Симметрия желаний (Нево) - страница 183

Лохматая хозяйская собака схватила с тарелки пирожное, и все расхохотались. Я не сразу понял, что смеются не надо мной, а над собакой. Но подумал, что они вполне могли бы посмеяться и надо мной. Участники семинара брали слово по часовой стрелке, и у всех – так мне казалось – жизнь была интереснее, чем у меня, писательский опыт богаче и одежда нарядней.

Единственным исключением оказалась довольно робкая девушка, которая с опозданием приехала из Иерусалима и, когда ее попросили представиться, еле слышно сказала, что не может так сразу. Может, позже, когда немного освоится.

Преподаватель оставил ее в покое и рассказал о первом семинаре, в котором участвовал как студент двадцать лет назад, и о жестокости, с какой его согруппники раскритиковали первый же зачитанный им текст. В нашей группе, сказал он, жестокости не будет. У нас будет честная, но уважительная критика.

Говорил он мягко и производил гораздо более приятное впечатление, чем мужские персонажи его книг.

«Вот видишь? – Я изо всех сил сдерживал желание встать и уйти, мучившее меня с той минуты, как я сел на диван. – Хватит зажиматься. Попробуй хоть раз в жизни целиком отдаться чему-то».

Я продержался около получаса, пока не настала моя очередь рассказать одну правдивую и одну выдуманную истории. Никто, кроме робкой девушки, не поверил в историю о похищении, свидетелями которого были мы с Офиром, и я затосковал. «Хоть бы здесь оказался кто-нибудь из моих друзей, – думал я. – Я бы не чувствовал себя таким лишним. Таким чужим».

Потом преподаватель попросил нас записать один из рассказов, и все, кроме меня, схватились за ручки, а я окончательно решил, что больше сюда не приду.
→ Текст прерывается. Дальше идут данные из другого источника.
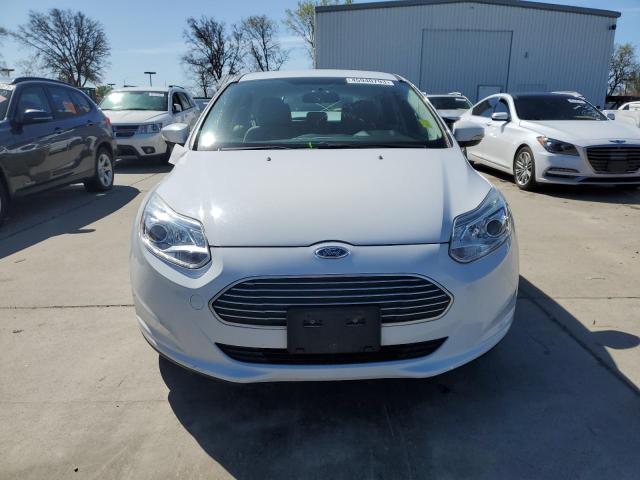 1FADP3R41EL364153 Ford FOCUS BEV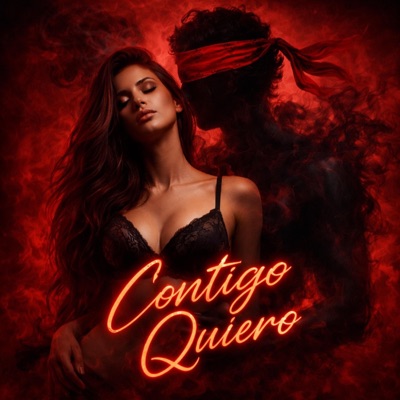 Contigo quiero (feat. MVprodd) - Single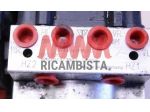971614111L Porsche Panamera centralina ABS gruppo pompa Bosch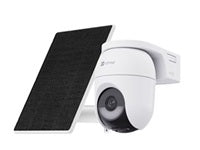EZVIZ - Surveillance camera - Indoor / Outdoor C8c Lite Kit 4MP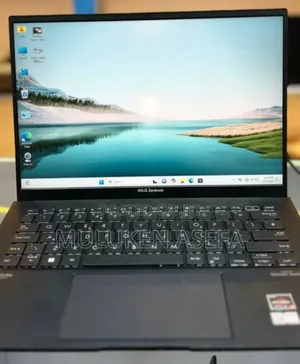 New Laptop Asus ZenBook UX303UA 16GB AMD Ryzen 5 SSD 512GB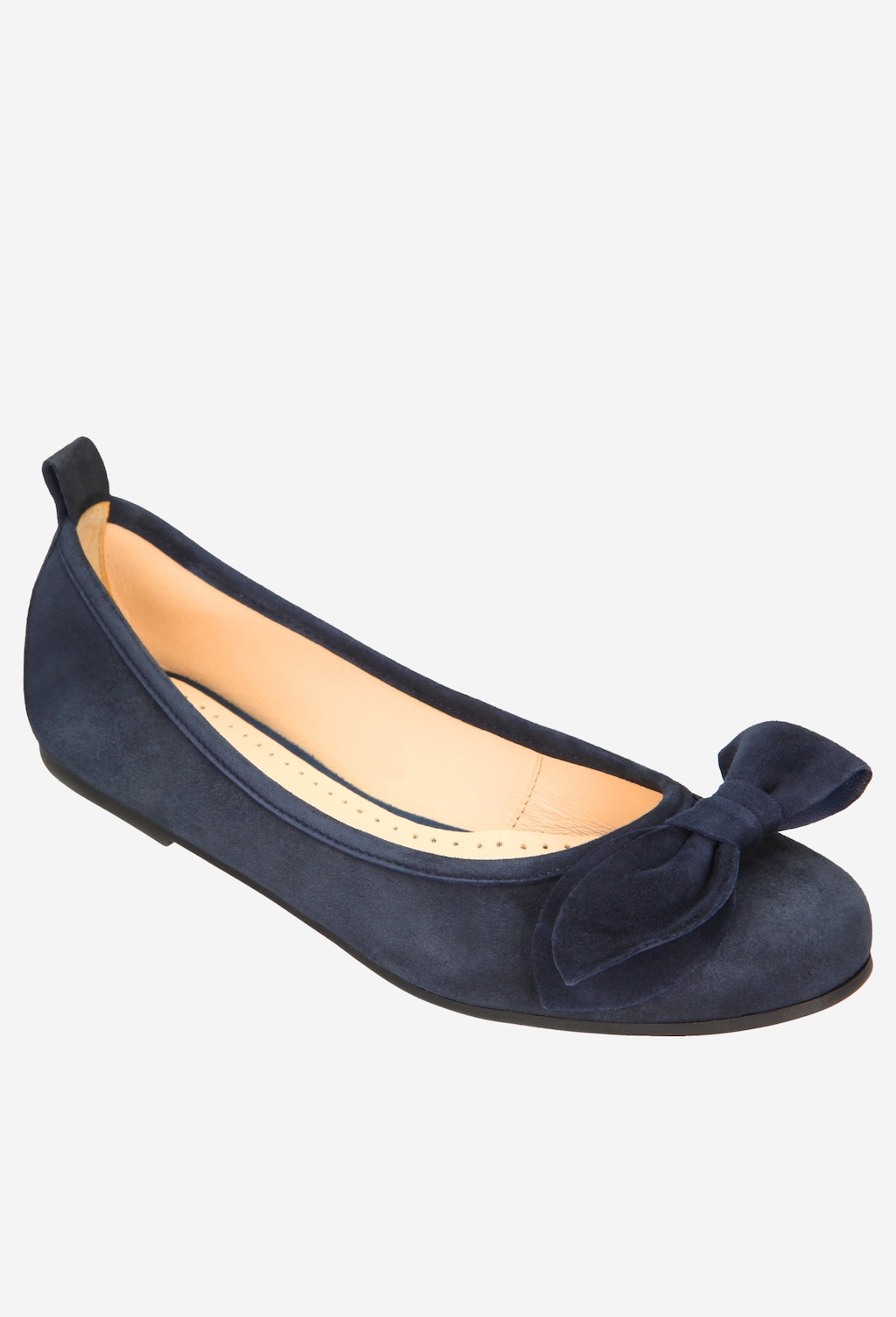 Baleriny 7431-66 Widok 2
Я откинулся на спинку дивана с облегчением, которое дарит признание собственного поражения, и вдруг сообразил, почему квартира кажется мне такой знакомой. Я уже сидел однажды в этой гостиной – в последний День независимости перед армией, когда Черчилль пошел в спальню с художницей Аталией, а Офир с Амихаем, устав от своих споров, уснули рядом со мной на диване.

«Даже эта квартира с тех пор изменилась, – подумал я. – А я? Прошло тринадцать лет, а я опять торчу в чужой гостиной и жду, когда все закончится и я наконец смогу отправиться домой».

В конце семинара преподаватель раздал нам листки с домашним заданием, и из чистой вежливости я взял один. Я собирался выбросить его, как только вернусь домой, вместе со списком телефонов участников семинара. Но дома на меня напала тоска, такая черная, такая горькая, такая отчаянная, какой я в жизни не испытывал. Мне ни за что не написать книгу. Не о чем мне писать. Но даже если я придумаю, о чем писать, я понятия не имею, как это делать. Меня согнуло от боли. На следующем чемпионате я зачитаю три свои мечты о Яаре и вместе со всеми посмеюсь над собой. Но зачем тянуть? Надо, не дожидаясь чемпионата, покончить с этой изнурительной унизительной мукой под названием жизнь. Так я избавлю себя от многих неудобств.